И вот на священном острове галлов по повелению Цезаря открыли школы. Там дети римских солдат и галльских женщин учились в обязательном порядке родному языку их отцов.
Но и другим юношам не возбранялось посещать эти школы. Там их обучали не только грамоте, а и ремеслам, неведомым доселе лесным жителям. Тем, кто окончит школу с отличием, были обещаны от имени проконсула немалые денежные награды с обязательным условием открыть в родных поселках мастерские по римскому образцу.

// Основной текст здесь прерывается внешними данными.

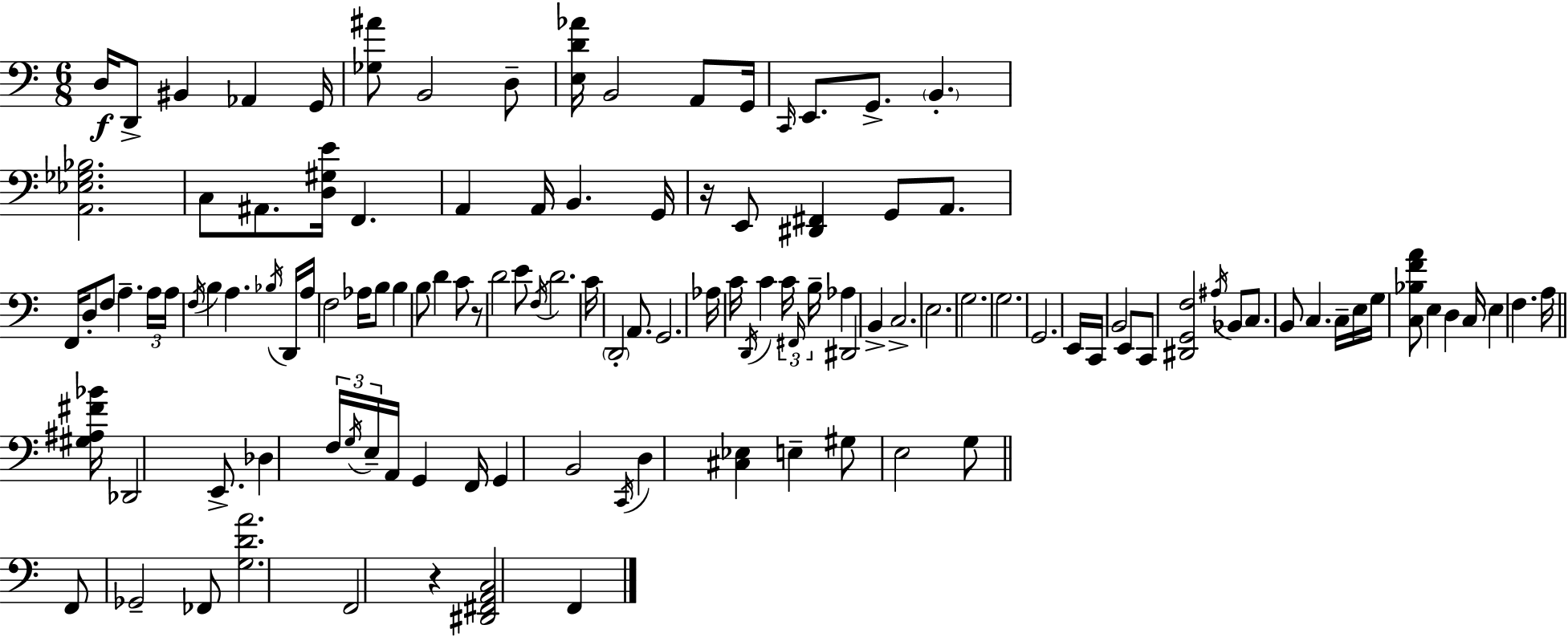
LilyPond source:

{
  \clef bass
  \numericTimeSignature
  \time 6/8
  \key c \major
  d16\f d,8-> bis,4 aes,4 g,16 | <ges ais'>8 b,2 d8-- | <e d' aes'>16 b,2 a,8 g,16 | \grace { c,16 } e,8. g,8.-> \parenthesize b,4.-. | \break <a, ees ges bes>2. | c8 ais,8. <d gis e'>16 f,4. | a,4 a,16 b,4. | g,16 r16 e,8 <dis, fis,>4 g,8 a,8. | \break f,16 d8-. f8 a4.-- | \tuplet 3/2 { a16 a16 \acciaccatura { f16 } } b4 a4. | \acciaccatura { bes16 } d,16 a16 f2 | aes16 b8 b4 b8 d'4 | \break c'8 r8 d'2 | e'8 \acciaccatura { f16 } d'2. | c'16 \parenthesize d,2-. | a,8. g,2. | \break aes16 c'16 \acciaccatura { d,16 } c'4 \tuplet 3/2 { c'16 | \grace { fis,16 } b16-- } aes4 dis,2 | b,4-> c2.-> | e2. | \break g2. | g2. | g,2. | e,16 c,16 b,2 | \break e,8 c,8 <dis, g, f>2 | \acciaccatura { ais16 } bes,8 c8. b,8 | c4. c16-- e16 g16 <c bes f' a'>8 e4 | d4 c16 e4 | \break f4. a16 \bar "||" \break \key c \major <gis ais fis' bes'>16 des,2 e,8.-> | des4 \tuplet 3/2 { f16 \acciaccatura { g16 } e16-- } a,16 g,4 | f,16 g,4 b,2 | \acciaccatura { c,16 } d4 <cis ees>4 e4-- | \break gis8 e2 | g8 \bar "||" \break \key a \minor f,8 ges,2-- fes,8 | <g d' a'>2. | f,2 r4 | <dis, fis, a, c>2 f,4 | \break \bar "|."
}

Лютеция, детище Дивного Юлия, росла и крепла. Поселение стало городом. Галлам, расчистившим от леса и распахавшим более ста югеров, жаловалось союзническое гражданство. Их сыновья получали право быть избранными на любую должность у себя на родине, служить в вспомогательных войсках, а при особых заслугах — и в римских легионах, милость неслыханная до сей поры.
два-три поколения, и Галлия станет такой же частью Италии, как Самниум, Пицениум или Этрурия.